'Annie' is only a day away
Published: Thursday, January 24, 2008 at 6:01 a.m.
Last Modified: Tuesday, January 22, 2008 at 8:25 p.m.
On Friday, a certain beloved musical with a heart as big as a touring bus rolls into the Phillips Center - and brings with it one of the most irrepressible little redheads the stage has ever seen.
On Broadway and beyond, "Annie" has been played, freckle-faced and pony-tailed, by actresses ranging from Andrea McArdle to Sarah Jessica Parker (with Molly Ringwald once weighing in as one of the musical's "orphans").
Amanda Balon, the Orlando actress who'll hit the stage running when the musical plays Gainesville, is no doubt having the ride of her young life: She's being treated like America's sweetheart incarnate, and asked to sign autographs and pose for pictures wherever she goes.
And a certain actress in our own midst - a once-redheaded actress in Gainesville who knows of what she speaks - has some advice for her.
"Have fun," says Gainesville's Heather Soroka. "Have fun and enjoy it."
And how does Soroka, a 26-year-old human resources specialist, know her "Tomorrows" from today, and her shaggy-dog Sandys from other pampered pooches the world over?
Because in 1991, at age 11, Soroka toured the country in a year-long tour - the 15th anniversary tour - of "Annie."
It was a role for which she beat out 400 other girls, and for which she received the kind of adulation usually associated with great, European bishops dressed in all-white.
In fact, it was considered the role - the role of a lifetime - for any young girl who wanted to get up on a stage and perform for others in a musical.
"Every night, I would walk out the stage door and there would be a group of people or circle of people waiting for my autograph and waiting to take pictures of me and talk to me," Soroka says.
"And I did interviews in every city that we went to."

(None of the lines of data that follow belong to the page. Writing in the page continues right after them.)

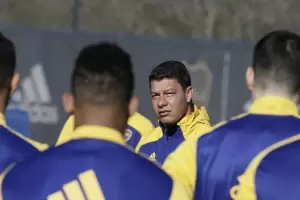 Battaglia mantiene dudas para enfrentar a Sarmiento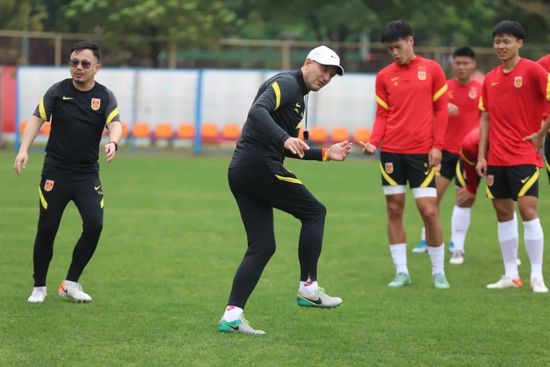 巨ru麻麻老师奶水
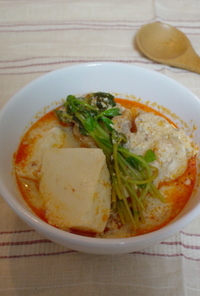 手羽元とお豆腐のすっぱ辛い豆乳スープ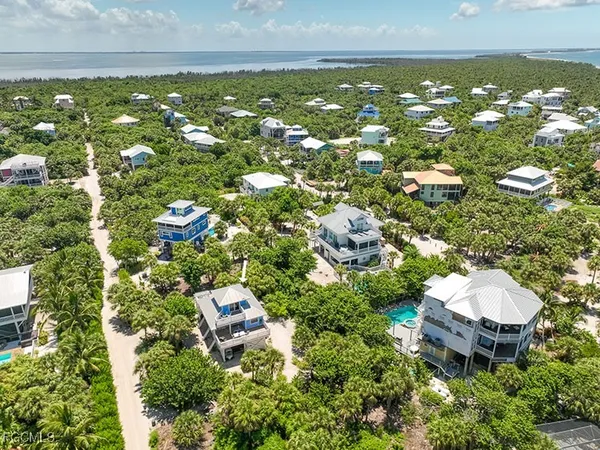 $674,900 | 4561 Smugglers Drive, Upper Captiva, FL 33924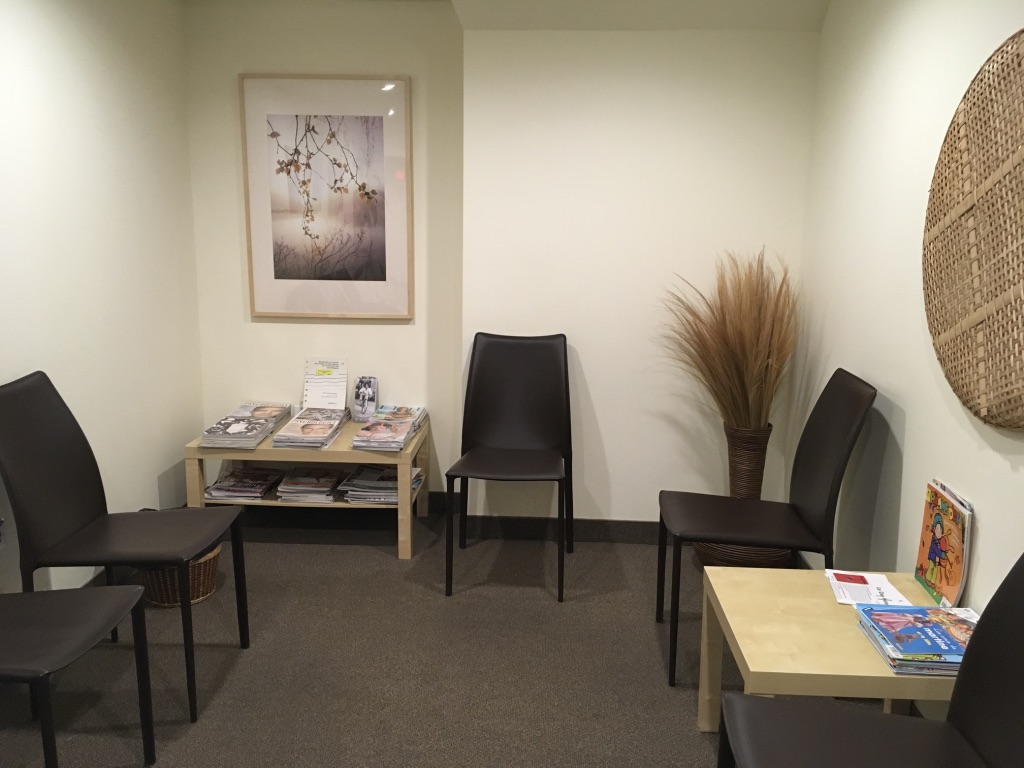 Clinique Ostéopathie Montréal ; Eddy Basch D.O. | 810 Av Champagneur Bur. 226, Outremont, QC H2V 4S3, Canada | Phone: (514) 816-8894
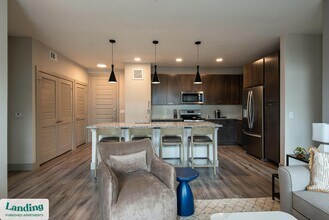 6107 E Riverside Dr in Austin, TX - Building Photo - Building Photo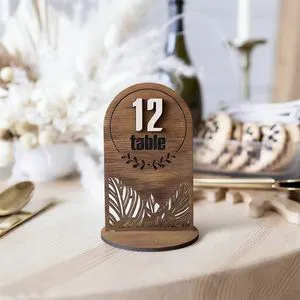 Nordic countryside-style wedding table plate custom seat card outdoor lawn wedding guest guide plate wedding commemoration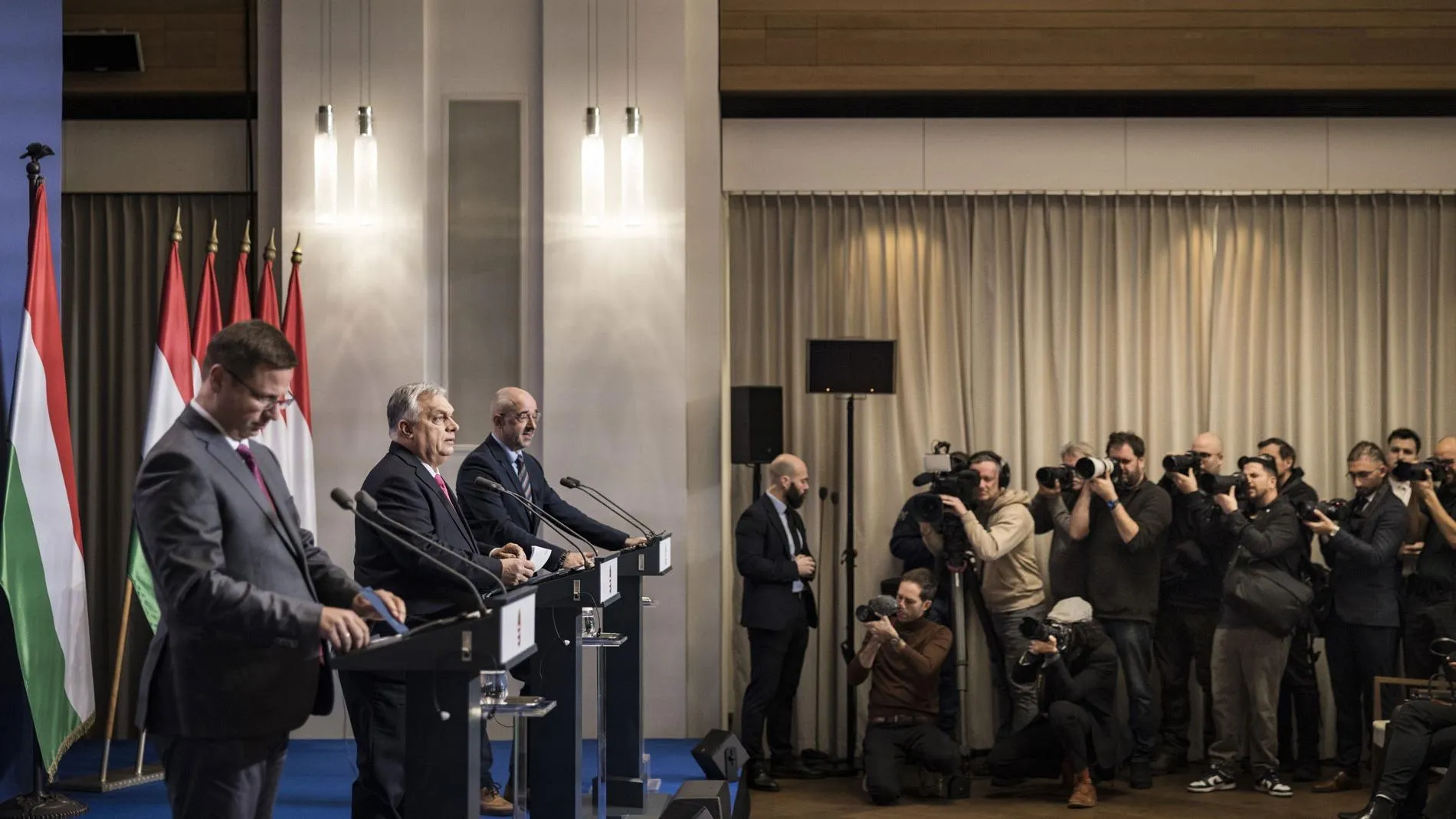 Orbán Viktor: a brüsszeli és a magyar út között kell választani idén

But Soroka, who hails from Annapolis, Md., and is now engaged to Gainesville native Morris Gertner, had a way of dealing with the fame that came through playing such an iconic figure of the comics and the movies: She was just herself.
"I knew it was a huge deal (to "be" Annie), but I always kind of just stayed myself," Soroka says. "I didn't really become like 'alittle child star.' "
"I loved what I did, and I loved entertaining; I loved singing."
She loved every second, in fact; she just didn't really understand why people wanted her autograph. She just wanted to hang out with her friends in the cast after the show. And once all of the red dye was out of her blonde hair, she wanted to return to being the normal, All-American student she had been.
"It was a wonderful experience," she says. "But I was humble. And I still am."
So there you have it, ladies and gentleman; true words to live by. For all of today - and all of "Tomorrow."